Southern California Vegetation, Wildfire, and Erosion Had Nonlinear Responses to Climatic Forcing During Marine Isotope Stages 5–2 (120–15 ka)

Abstract

AbstractA multiproxy record from Baldwin Lake, San Bernardino Mountains, allowed us to examine variation and relationships between erosion, wildfire, vegetation, and climate in subalpine Southern California from 120 to 15 ka. Bulk organics, biogenic silica, and molar C:N data were generally antiphased with magnetic and trace element data and displayed long‐term (105 year) shifts between autochthonous and allocthonous deposition. This was most pronounced during Marine Isotope Stage (MIS) 5, and we hypothesize that local summer insolation was the primary driver for Baldwin Lake's productive and unproductive lake state alternations. Wildfire history was inferred from charcoal concentrations and vegetation change from pollen. Relationships between these ecological processes, basin deposition, and summer insolation were often nonlinear.
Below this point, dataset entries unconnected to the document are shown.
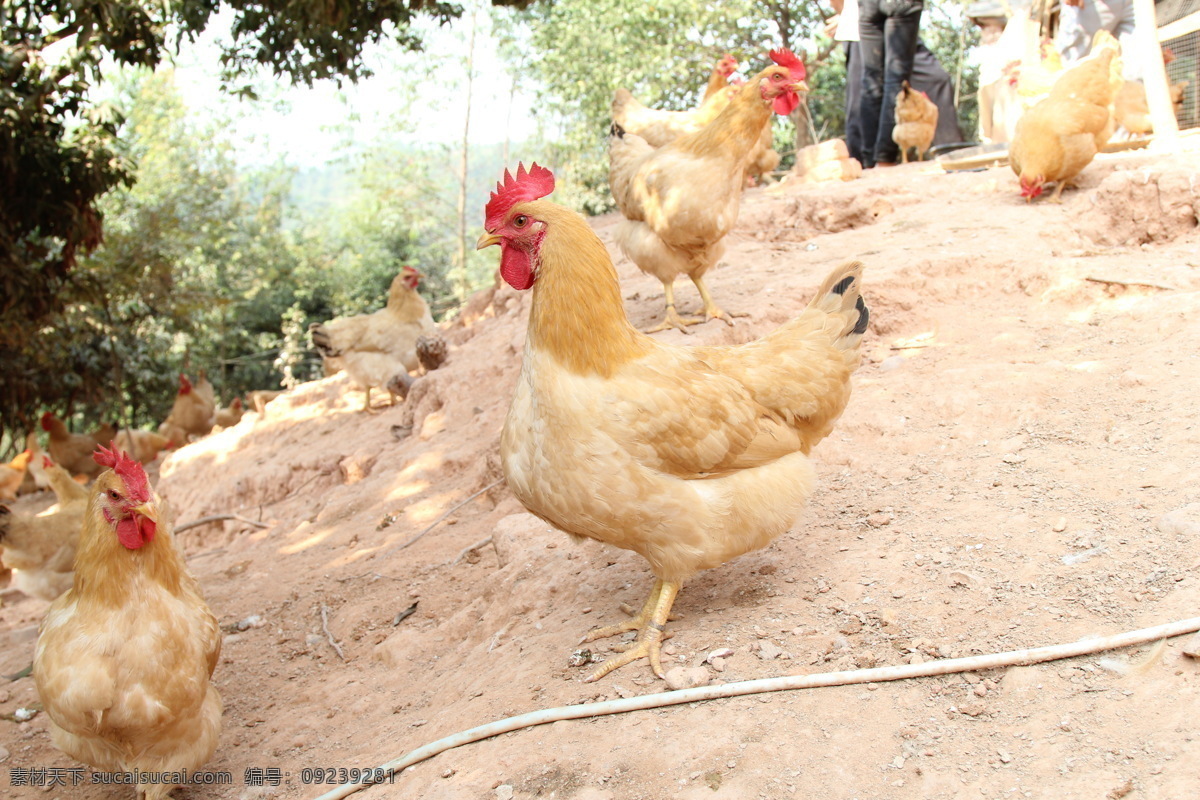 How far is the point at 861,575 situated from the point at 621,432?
112 cm

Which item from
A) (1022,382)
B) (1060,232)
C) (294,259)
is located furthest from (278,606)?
(294,259)

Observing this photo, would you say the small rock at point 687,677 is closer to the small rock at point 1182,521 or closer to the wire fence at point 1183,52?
the small rock at point 1182,521

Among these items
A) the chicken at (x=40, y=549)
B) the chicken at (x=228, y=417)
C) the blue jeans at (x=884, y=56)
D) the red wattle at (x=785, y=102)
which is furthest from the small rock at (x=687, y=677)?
the chicken at (x=228, y=417)

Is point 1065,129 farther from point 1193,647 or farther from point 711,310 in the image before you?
point 1193,647

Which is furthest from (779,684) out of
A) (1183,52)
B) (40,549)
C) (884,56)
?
(1183,52)

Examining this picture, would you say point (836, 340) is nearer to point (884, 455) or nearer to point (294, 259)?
point (884, 455)

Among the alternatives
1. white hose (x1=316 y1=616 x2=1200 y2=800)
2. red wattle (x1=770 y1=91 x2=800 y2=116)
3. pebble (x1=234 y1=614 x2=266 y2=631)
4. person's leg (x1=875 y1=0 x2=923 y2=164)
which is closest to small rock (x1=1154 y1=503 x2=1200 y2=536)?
white hose (x1=316 y1=616 x2=1200 y2=800)

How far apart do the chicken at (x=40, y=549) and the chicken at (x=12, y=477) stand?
6455 millimetres

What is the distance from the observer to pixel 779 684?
251 centimetres

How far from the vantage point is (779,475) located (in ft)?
10.3

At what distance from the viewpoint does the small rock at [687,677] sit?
2.67 m

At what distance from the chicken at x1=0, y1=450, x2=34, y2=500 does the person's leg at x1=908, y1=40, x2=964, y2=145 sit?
14.8m

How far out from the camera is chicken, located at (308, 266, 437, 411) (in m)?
9.34

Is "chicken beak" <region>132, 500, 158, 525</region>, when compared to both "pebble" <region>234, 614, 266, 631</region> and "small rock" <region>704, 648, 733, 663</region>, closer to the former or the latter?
"pebble" <region>234, 614, 266, 631</region> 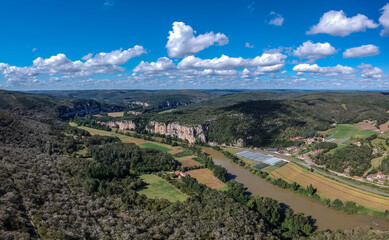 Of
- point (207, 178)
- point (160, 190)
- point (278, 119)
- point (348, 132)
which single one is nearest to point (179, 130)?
point (278, 119)

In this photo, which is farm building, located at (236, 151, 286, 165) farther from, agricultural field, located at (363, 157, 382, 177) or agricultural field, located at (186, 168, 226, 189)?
agricultural field, located at (363, 157, 382, 177)

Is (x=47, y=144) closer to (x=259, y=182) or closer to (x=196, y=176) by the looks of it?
(x=196, y=176)

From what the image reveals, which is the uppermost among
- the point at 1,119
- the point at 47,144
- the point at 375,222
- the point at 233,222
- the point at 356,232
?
the point at 1,119

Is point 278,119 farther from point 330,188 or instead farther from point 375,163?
point 330,188

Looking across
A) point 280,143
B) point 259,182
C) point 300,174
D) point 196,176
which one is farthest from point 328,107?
point 196,176

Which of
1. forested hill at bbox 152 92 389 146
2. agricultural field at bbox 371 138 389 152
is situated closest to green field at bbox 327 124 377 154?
forested hill at bbox 152 92 389 146

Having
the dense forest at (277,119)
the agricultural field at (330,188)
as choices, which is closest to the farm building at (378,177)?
the agricultural field at (330,188)

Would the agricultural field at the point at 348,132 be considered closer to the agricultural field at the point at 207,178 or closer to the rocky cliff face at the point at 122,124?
the agricultural field at the point at 207,178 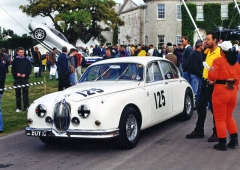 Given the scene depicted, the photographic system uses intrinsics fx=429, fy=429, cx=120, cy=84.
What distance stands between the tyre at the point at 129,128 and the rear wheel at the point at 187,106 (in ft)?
9.29

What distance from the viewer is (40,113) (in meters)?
7.62

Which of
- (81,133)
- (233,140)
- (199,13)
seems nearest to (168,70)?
(233,140)

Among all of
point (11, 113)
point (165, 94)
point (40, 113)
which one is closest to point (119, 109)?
point (40, 113)

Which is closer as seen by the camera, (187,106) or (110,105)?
(110,105)

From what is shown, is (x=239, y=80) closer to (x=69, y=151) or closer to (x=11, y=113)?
(x=69, y=151)

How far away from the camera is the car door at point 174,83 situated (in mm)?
9633

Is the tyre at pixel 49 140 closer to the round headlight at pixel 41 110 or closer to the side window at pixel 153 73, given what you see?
the round headlight at pixel 41 110

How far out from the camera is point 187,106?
10.7 m

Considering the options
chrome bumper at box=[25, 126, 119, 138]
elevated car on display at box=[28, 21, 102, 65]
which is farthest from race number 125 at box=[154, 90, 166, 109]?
elevated car on display at box=[28, 21, 102, 65]

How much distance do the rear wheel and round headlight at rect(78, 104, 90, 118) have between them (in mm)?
3826

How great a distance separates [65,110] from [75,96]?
304 mm

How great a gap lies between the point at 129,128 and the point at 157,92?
1.43 m

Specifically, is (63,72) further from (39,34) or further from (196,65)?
(39,34)

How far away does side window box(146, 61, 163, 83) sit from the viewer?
8.87m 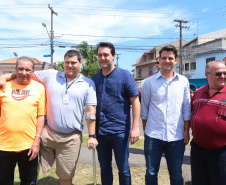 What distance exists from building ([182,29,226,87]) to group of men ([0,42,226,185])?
25751mm

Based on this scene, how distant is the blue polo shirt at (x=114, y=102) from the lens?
2807mm

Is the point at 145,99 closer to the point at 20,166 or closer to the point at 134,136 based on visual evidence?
the point at 134,136

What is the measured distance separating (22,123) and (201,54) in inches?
1197

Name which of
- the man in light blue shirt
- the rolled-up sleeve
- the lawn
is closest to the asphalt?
the lawn

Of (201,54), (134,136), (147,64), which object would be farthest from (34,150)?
(147,64)

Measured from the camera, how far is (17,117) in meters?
2.43

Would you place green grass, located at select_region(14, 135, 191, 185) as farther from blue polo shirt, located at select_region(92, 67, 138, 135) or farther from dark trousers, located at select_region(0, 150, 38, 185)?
blue polo shirt, located at select_region(92, 67, 138, 135)

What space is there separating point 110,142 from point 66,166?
68 cm

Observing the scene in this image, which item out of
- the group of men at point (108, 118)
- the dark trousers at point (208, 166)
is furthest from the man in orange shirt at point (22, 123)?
the dark trousers at point (208, 166)

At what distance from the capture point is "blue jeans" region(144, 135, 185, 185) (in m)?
2.61

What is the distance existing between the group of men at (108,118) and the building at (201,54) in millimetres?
25751

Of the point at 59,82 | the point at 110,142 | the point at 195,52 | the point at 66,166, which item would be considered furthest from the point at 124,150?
the point at 195,52

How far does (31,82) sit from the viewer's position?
105 inches

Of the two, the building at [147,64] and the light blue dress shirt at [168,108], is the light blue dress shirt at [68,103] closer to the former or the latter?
the light blue dress shirt at [168,108] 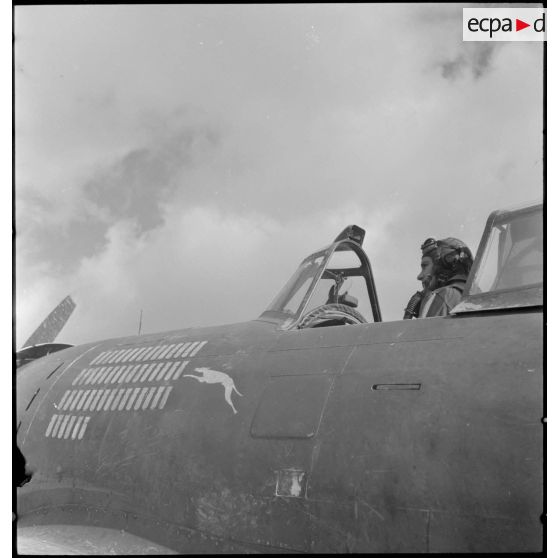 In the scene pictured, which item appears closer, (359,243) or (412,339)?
(412,339)

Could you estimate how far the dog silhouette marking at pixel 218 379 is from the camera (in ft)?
11.8

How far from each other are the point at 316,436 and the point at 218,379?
3.35 ft

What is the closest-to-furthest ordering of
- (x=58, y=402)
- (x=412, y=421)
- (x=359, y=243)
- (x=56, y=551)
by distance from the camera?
1. (x=412, y=421)
2. (x=56, y=551)
3. (x=58, y=402)
4. (x=359, y=243)

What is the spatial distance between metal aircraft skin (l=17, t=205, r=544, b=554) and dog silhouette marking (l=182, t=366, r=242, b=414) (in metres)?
0.02

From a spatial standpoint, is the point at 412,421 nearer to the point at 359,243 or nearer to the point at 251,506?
the point at 251,506

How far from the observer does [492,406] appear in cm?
248

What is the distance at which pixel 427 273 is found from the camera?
19.5ft

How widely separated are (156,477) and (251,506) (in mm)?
850

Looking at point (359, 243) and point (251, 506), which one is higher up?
point (359, 243)

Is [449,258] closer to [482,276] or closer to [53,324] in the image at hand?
[482,276]

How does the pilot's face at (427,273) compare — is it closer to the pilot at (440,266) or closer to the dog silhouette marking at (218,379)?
the pilot at (440,266)

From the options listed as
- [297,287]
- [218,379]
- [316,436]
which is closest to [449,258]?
[297,287]

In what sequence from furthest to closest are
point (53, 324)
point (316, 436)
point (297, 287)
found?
1. point (53, 324)
2. point (297, 287)
3. point (316, 436)

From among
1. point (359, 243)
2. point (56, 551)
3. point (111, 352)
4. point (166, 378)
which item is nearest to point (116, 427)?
point (166, 378) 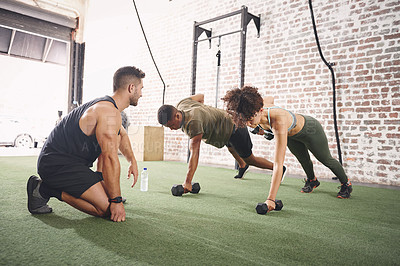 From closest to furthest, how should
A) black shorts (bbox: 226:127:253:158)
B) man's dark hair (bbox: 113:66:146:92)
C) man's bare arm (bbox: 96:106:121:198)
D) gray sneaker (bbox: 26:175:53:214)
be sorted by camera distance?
man's bare arm (bbox: 96:106:121:198) → gray sneaker (bbox: 26:175:53:214) → man's dark hair (bbox: 113:66:146:92) → black shorts (bbox: 226:127:253:158)

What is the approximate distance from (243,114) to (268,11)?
3510mm

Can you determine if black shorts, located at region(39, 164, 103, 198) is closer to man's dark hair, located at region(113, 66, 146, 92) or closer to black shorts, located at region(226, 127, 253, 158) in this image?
man's dark hair, located at region(113, 66, 146, 92)

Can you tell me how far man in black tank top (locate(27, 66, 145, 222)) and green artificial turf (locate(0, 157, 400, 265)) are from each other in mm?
91

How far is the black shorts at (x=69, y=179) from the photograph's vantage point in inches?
64.1

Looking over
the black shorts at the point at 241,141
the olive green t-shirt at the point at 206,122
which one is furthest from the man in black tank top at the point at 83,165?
the black shorts at the point at 241,141

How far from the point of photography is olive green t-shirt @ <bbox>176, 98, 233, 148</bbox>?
8.19ft

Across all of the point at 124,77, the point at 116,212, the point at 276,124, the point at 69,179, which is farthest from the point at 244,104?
the point at 69,179

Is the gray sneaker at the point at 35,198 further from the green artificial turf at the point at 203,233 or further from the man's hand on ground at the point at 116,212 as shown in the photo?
the man's hand on ground at the point at 116,212

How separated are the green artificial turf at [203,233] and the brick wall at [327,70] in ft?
4.86

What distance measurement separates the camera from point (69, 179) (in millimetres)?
1631

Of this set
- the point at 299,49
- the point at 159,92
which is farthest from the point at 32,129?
the point at 299,49

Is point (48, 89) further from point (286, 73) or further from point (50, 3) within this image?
point (286, 73)

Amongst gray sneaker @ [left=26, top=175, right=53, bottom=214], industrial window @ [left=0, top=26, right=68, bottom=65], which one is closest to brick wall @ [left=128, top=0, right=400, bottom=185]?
gray sneaker @ [left=26, top=175, right=53, bottom=214]

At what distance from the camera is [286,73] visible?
4.51 m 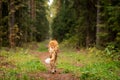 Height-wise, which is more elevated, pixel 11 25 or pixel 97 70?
pixel 11 25

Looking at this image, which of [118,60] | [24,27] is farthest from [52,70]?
[24,27]

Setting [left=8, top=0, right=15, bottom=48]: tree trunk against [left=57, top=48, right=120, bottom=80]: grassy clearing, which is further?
[left=8, top=0, right=15, bottom=48]: tree trunk

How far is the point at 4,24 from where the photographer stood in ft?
90.8

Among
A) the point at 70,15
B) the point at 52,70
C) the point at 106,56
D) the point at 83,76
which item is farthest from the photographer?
the point at 70,15

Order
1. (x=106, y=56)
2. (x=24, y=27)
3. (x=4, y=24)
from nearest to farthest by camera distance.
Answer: (x=106, y=56) → (x=4, y=24) → (x=24, y=27)

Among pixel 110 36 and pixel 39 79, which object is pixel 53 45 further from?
pixel 110 36

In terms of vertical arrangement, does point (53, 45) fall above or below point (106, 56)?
above

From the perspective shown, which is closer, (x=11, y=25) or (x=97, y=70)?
(x=97, y=70)

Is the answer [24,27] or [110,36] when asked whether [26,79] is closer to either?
[110,36]

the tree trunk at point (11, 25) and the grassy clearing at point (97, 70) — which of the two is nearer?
the grassy clearing at point (97, 70)

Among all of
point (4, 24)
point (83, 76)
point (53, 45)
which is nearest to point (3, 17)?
point (4, 24)

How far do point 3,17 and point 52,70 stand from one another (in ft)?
55.9

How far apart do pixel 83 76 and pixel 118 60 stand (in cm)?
526

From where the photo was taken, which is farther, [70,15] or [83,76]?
[70,15] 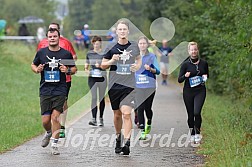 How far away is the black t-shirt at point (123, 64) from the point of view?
11484mm

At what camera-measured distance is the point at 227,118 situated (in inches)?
600

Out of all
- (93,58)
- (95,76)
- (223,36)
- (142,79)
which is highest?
(223,36)

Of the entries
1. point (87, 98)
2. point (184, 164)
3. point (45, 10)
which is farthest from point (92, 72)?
point (45, 10)

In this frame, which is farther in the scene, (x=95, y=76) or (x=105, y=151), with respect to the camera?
(x=95, y=76)

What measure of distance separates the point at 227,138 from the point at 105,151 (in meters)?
2.00

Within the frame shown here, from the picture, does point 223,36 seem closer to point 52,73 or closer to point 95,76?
point 95,76

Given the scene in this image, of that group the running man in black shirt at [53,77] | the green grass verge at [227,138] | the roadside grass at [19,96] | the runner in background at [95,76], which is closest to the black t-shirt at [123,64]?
the running man in black shirt at [53,77]

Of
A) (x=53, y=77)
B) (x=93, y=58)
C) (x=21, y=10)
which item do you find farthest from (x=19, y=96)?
(x=21, y=10)

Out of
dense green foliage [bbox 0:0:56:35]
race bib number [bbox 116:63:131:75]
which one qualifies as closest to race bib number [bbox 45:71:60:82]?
race bib number [bbox 116:63:131:75]

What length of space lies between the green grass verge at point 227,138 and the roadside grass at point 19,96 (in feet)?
11.0

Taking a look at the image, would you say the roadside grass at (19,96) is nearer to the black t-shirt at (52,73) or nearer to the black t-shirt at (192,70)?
the black t-shirt at (52,73)

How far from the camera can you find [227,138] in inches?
464

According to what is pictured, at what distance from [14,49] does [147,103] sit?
1027 inches

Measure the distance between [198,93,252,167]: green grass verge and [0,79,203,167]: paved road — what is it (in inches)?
12.9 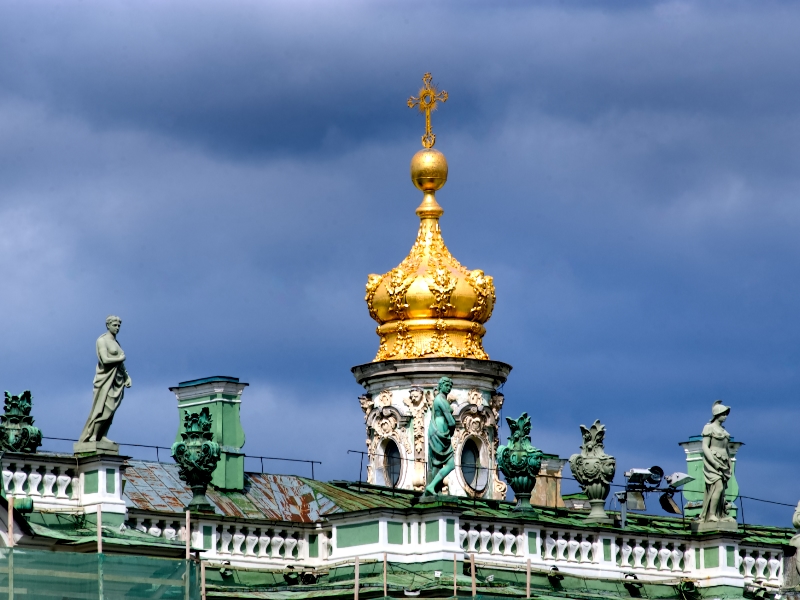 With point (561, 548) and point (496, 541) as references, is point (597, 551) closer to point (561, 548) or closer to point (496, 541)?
point (561, 548)

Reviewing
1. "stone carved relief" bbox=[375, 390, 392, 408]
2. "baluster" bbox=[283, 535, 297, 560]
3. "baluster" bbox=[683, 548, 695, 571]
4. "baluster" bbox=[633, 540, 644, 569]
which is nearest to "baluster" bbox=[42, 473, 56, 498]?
"baluster" bbox=[283, 535, 297, 560]

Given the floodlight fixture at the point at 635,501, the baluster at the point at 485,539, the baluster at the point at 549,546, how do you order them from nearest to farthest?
the baluster at the point at 485,539, the baluster at the point at 549,546, the floodlight fixture at the point at 635,501

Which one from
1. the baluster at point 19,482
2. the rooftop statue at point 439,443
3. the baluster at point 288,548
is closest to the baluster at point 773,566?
the rooftop statue at point 439,443

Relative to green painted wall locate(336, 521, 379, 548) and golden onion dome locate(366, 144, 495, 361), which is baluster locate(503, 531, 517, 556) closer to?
green painted wall locate(336, 521, 379, 548)

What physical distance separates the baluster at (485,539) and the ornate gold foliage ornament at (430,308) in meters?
10.8

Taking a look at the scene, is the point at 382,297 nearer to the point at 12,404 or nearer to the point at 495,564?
the point at 495,564

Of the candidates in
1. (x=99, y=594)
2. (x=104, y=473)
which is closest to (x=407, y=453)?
(x=104, y=473)

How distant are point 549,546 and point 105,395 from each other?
1039 cm

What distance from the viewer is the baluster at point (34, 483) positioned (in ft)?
162

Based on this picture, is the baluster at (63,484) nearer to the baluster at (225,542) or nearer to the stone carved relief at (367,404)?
the baluster at (225,542)

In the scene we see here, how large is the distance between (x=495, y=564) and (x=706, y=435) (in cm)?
676

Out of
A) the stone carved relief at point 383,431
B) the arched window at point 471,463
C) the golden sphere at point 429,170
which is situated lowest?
the arched window at point 471,463

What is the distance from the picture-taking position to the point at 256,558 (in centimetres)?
5384

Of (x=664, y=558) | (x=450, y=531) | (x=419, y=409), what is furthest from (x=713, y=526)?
(x=419, y=409) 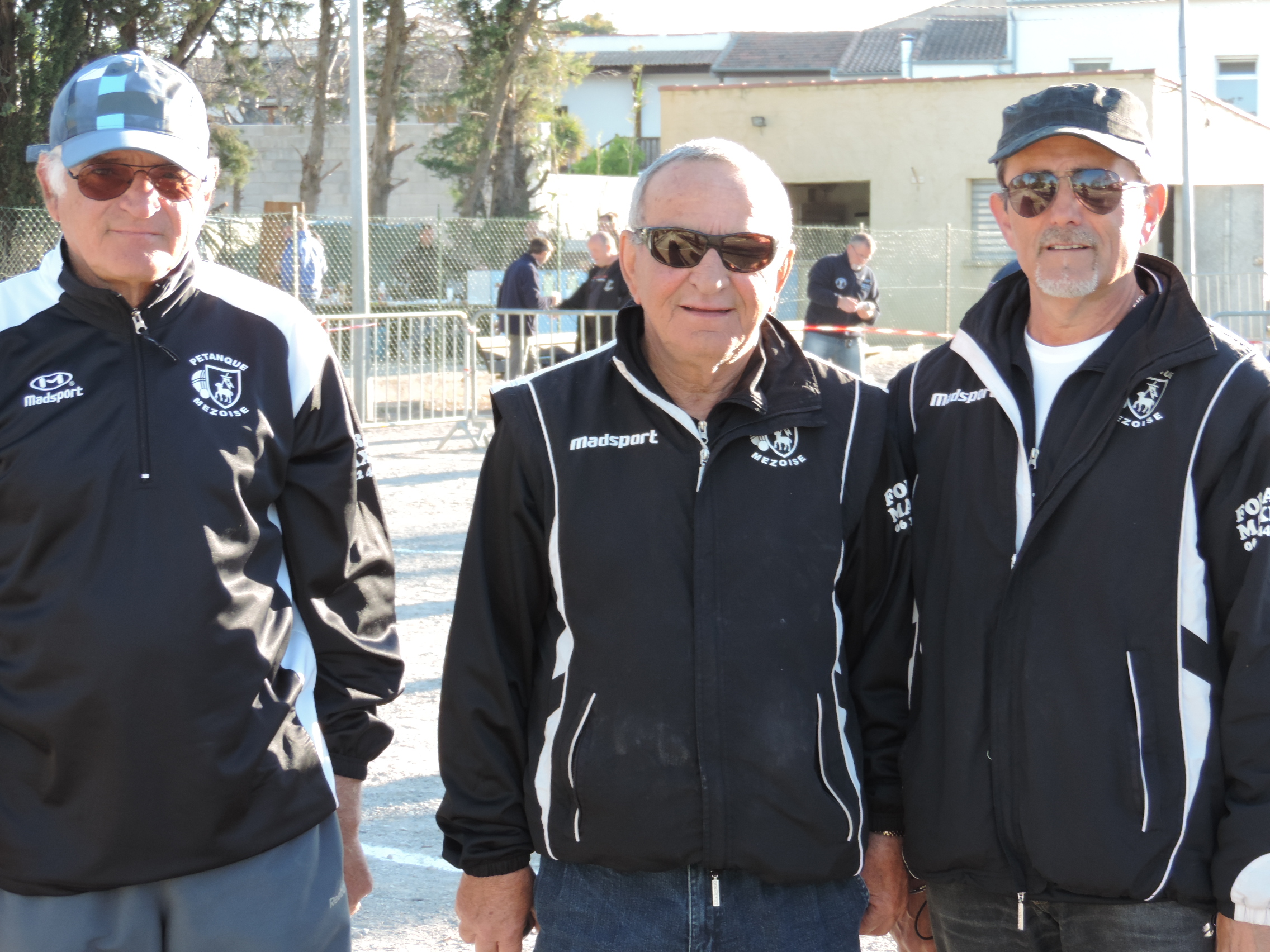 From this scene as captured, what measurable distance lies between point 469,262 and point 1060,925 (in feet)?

Sagebrush expansion, wildfire, and weak basin weathering characterized MIS 4, while during MIS 2, the basin was highly erosive, rarely burned, and the forest was impacted by shifts in Southern Californian hydroclimate. Despite coniferous forest cover throughout MIS 3, submillennial oscillations in charcoal, pollen, and bulk organic content occurred, consistent with pollen records from Eurasia's Mediterranean biome that span multiple glacial‐interglacial cycles. Highly resolved global CO2 records and sea surface temperatures in key regions of the Pacific show no apparent relationship to these landscape conditions, and we suggest submillennial hydroclimatic variability as a potential driver. Highly resolved long pollen records from Southern California are an urgent research need to better understand the finer‐scale (≤103 year) interactions between past vegetation, wildfire, and erosion, given the current natural disaster risks that 21st century climate change poses to both human and ecological communities.